Masa jabatan Sulyok, yang awalnya dijadwalkan berakhir pada Maret 2029 setelah terpilih pada tahun 2024 oleh parlemen yang kala itu dikuasai partai Fidesz, resmi berakhir pada Senin (20/7/2026) tengah malam. Setelah undang-undang ini dipublikasikan dalam lembaran negara, Ketua Parlemen, Agnes Forsthoffer, akan mengambil alih tugas-tugas kepresidenan untuk sementara waktu hingga kepala negara yang baru terpilih.
Dalam sebuah pernyataan video yang diunggah di akun Facebook pribadinya, Sulyok yang merupakan mantan hakim Pengadilan Konstitusi menyatakan bahwa dirinya tidak memiliki pilihan lain selain menandatangani amandemen tersebut demi menghormati prosedur hukum. Kendati demikian, ia melayangkan kritik tajam terhadap keputusan parlemen yang dinilainya telah mencederai pilar-pilar demokrasi.
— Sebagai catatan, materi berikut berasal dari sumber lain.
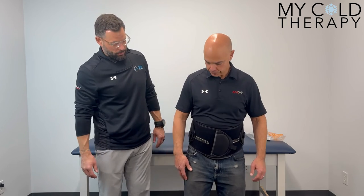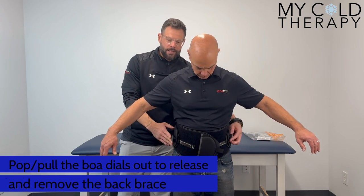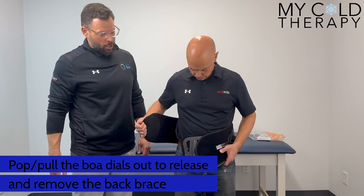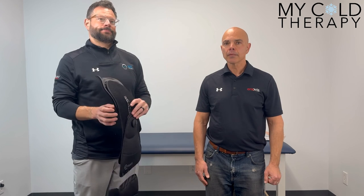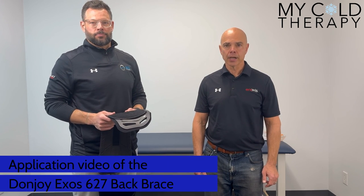To take the brace off, all we're going to do is pop both of our dials — that's going to release. Steve's going to open the brace now and as you can see, our interior panel is still velcroed in the brace. And that is the 627 Exos Back Brace by Donjoy.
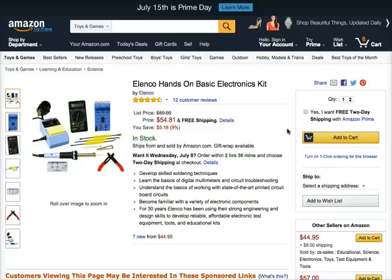Hey there, thanks for watching my video reviews. I want to remind you that there is a link right below this video that will direct you to the product's homepage. Today we're going to talk about the Elenco Hands-On Basic Electronics Kit.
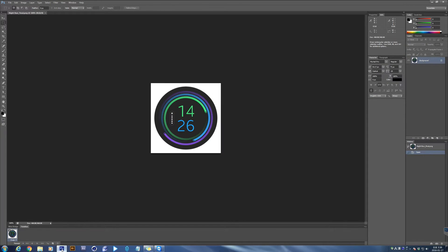Before we get started, let's see the watch face we are going to make. Its name is Night Run. Doesn't this look unique? There you can see both analog and digital watches. The green one is the hour hand, the blue one is the minute hand, and the purple one is the second hand. We have the digital clock at the center and battery indicator on the left side.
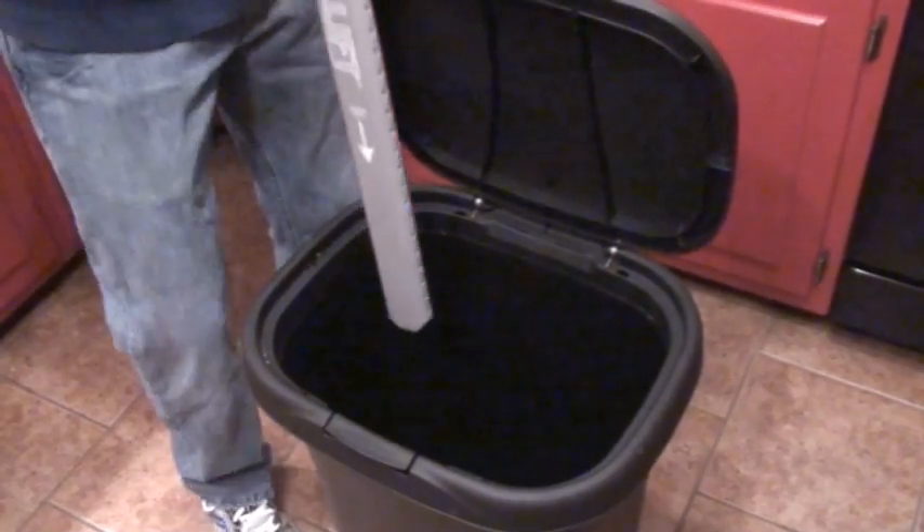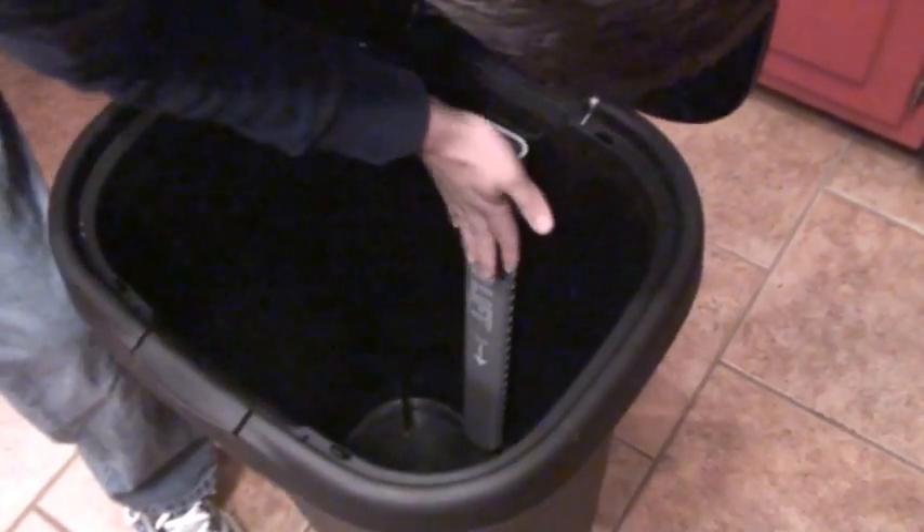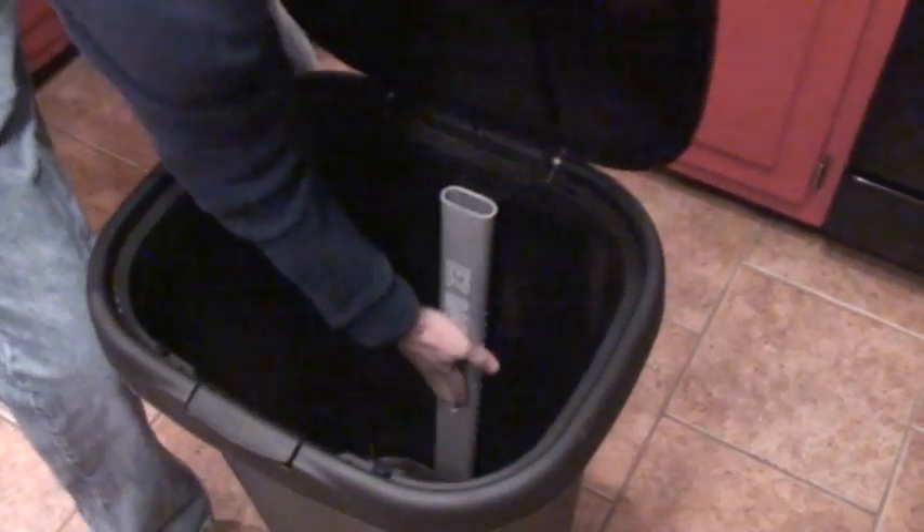Three, place it all the way in the bottom of the can and gently press against the side of the can. Now your Easy Bag Lift is ready to use.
“Amandemen konstitusi ke-17 ini menandai titik balik yang kelam bagi demokrasi konstitusional Hongaria. Dengan mencopot pejabat publik melalui cara yang secara terbuka melanggar supremasi hukum, tindakan ini menetapkan preseden buruk yang meninggalkan luka mendalam pada nilai-nilai konstitusi, pemisahan kekuasaan, dan penegakan hukum,” tegas Sulyok.
Di sisi lain, Perdana Menteri Peter Magyar menyambut baik keputusan penandatanganan tersebut. Menurut Magyar, langkah ini telah menyingkirkan hambatan terakhir dalam upaya pemerintah untuk menerapkan keputusan-keputusan bersama demi memulihkan sistem politik negara. Magyar, yang berhasil mengalahkan Viktor Orban dalam pemilu pada April lalu, memang telah berulang kali mendesak Sulyok untuk mundur. Ia menuduh Sulyok bertindak sebagai “boneka” yang melayani kepentingan pemerintahan otokratis Orban dan gagal menjaga independensi lembaga kepresidenan.
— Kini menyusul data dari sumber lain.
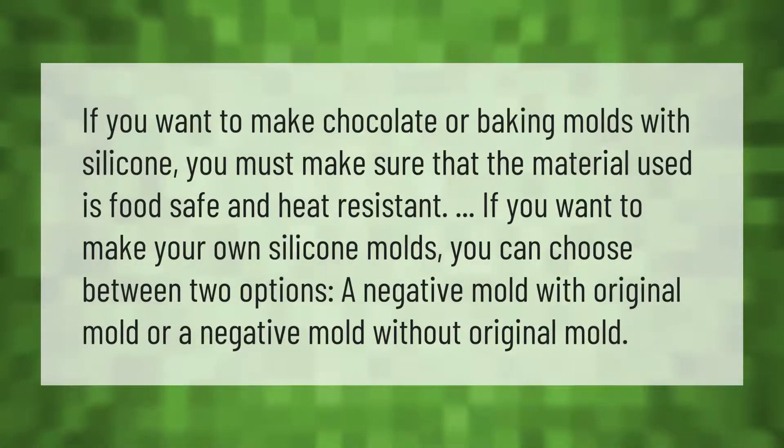If you want to make chocolate or baking molds with silicone, you must make sure that the material used is food safe and heat resistant. If you want to make your own silicone molds, you can choose between two options: a negative mold with an original mold, or a negative mold without an original mold.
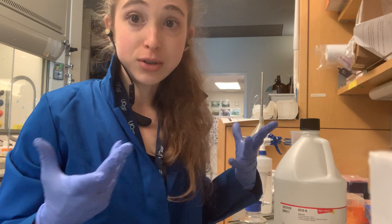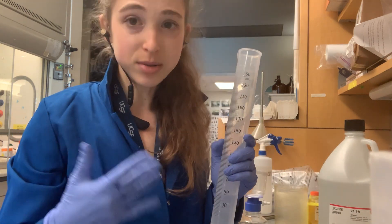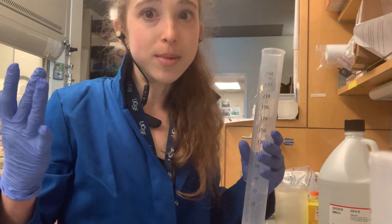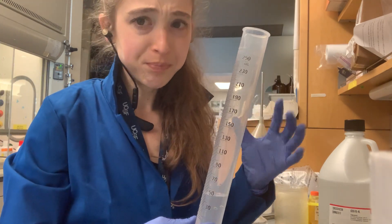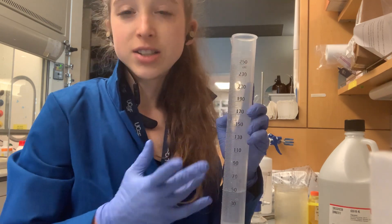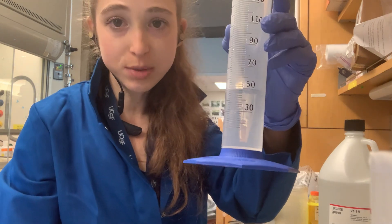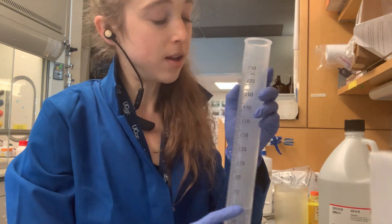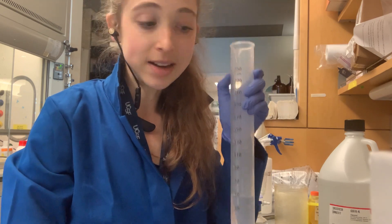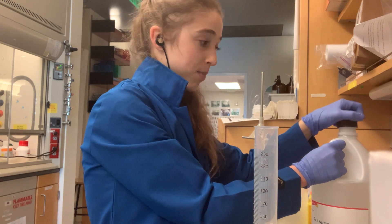You don't even have to pipette for this. To make an 80% solution, you add 80 per 100 ml — so I'm making 250 ml total, which means 200 ml of glycerol and 50 ml of water. What I did is put the water into my beaker up to the 50 ml mark, and now I'm going to add glycerol.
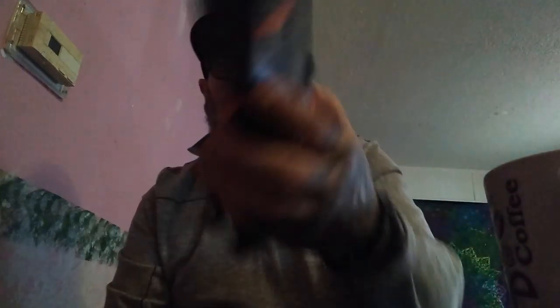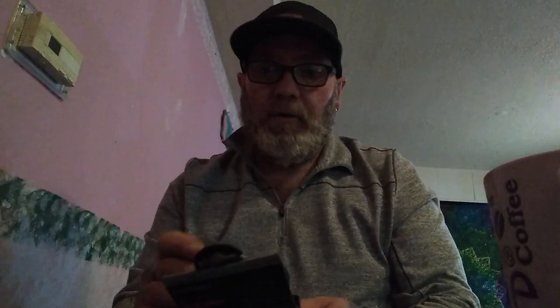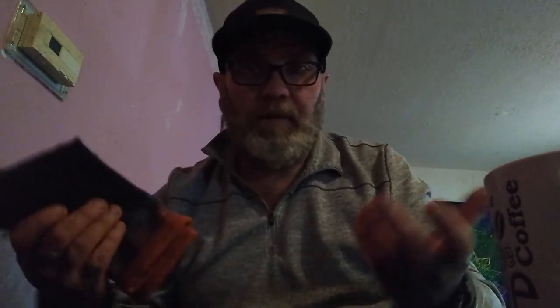The first company I'm going to do a little review on — a little shout-out, I guess — is Point 6 socks. If you can see them here, they're made in the USA, all merino wool hiking and outdoor running socks. They make tons of different kinds, but I use the Hike Light — that's what these are called — the Hiking Light version, and I also use the Ultra Light running version.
Sejak menjabat pada Mei lalu, pemerintahan baru yang dipimpin oleh Partai Tisza (partai yang mengusung haluan kanan-tengah dan pro-Eropa) bergerak cepat melakukan reformasi besar-besaran. Amandemen konstitusi ini berhasil disahkan setelah Partai Tisza mengamankan mayoritas dua pertiga suara di parlemen. Kebijakan ini merupakan bagian dari agenda Magyar untuk membersihkan lembaga-lembaga negara dari pejabat-pejabat yang ditunjuk pada masa rezim Orban.
Mantan Perdana Menteri Viktor Orban, yang selama 16 tahun pemerintahannya kerap dikritik karena melemahkan institusi demokrasi, turut mengecam reformasi ini melalui media sosialnya. Orban menyebut langkah pemerintahan baru ini sebagai bentuk tirani nyata yang mengancam kepastian hukum siapa pun di Hongaria.
Berdasarkan ketentuan konstitusi yang berlaku, parlemen Hongaria kini memiliki waktu maksimal 30 hari untuk memilih presiden baru melalui pemungutan suara rahasia. PM Peter Magyar menyatakan bahwa dirinya akan segera berkonsultasi dengan partai-partai di parlemen untuk menominasikan kandidat yang mampu merepresentasikan persatuan bangsa serta mendapatkan dukungan dari kelompok oposisi.